Please reproduce the listing verbatim, without its images.

── Dataset extract

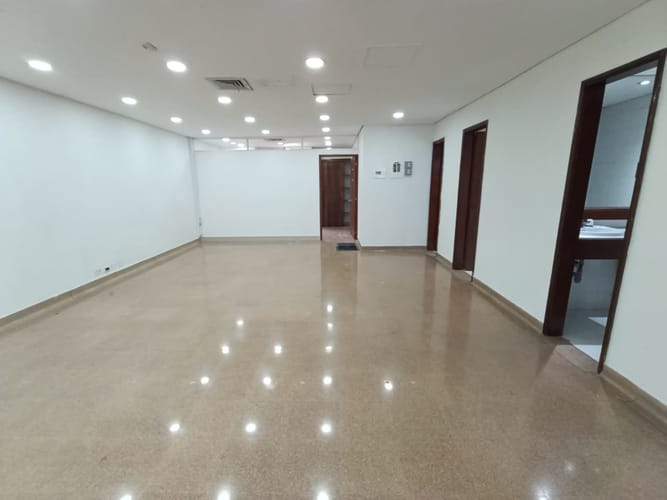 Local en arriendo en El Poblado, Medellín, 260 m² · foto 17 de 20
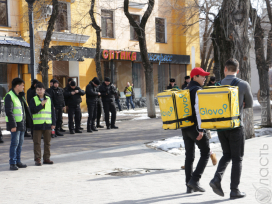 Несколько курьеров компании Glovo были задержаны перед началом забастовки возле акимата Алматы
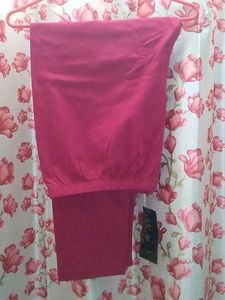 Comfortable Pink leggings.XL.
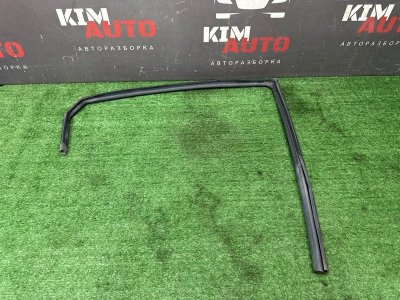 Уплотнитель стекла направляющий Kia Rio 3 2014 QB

────

▸ **Response box**:
 Local en arriendo en El Poblado, Medellín, 260 m² · foto 17 de 20
 Несколько курьеров компании Glovo были задержаны перед началом забастовки возле акимата Алматы
 Comfortable Pink leggings.XL.
 Уплотнитель стекла направляющий Kia Rio 3 2014 QB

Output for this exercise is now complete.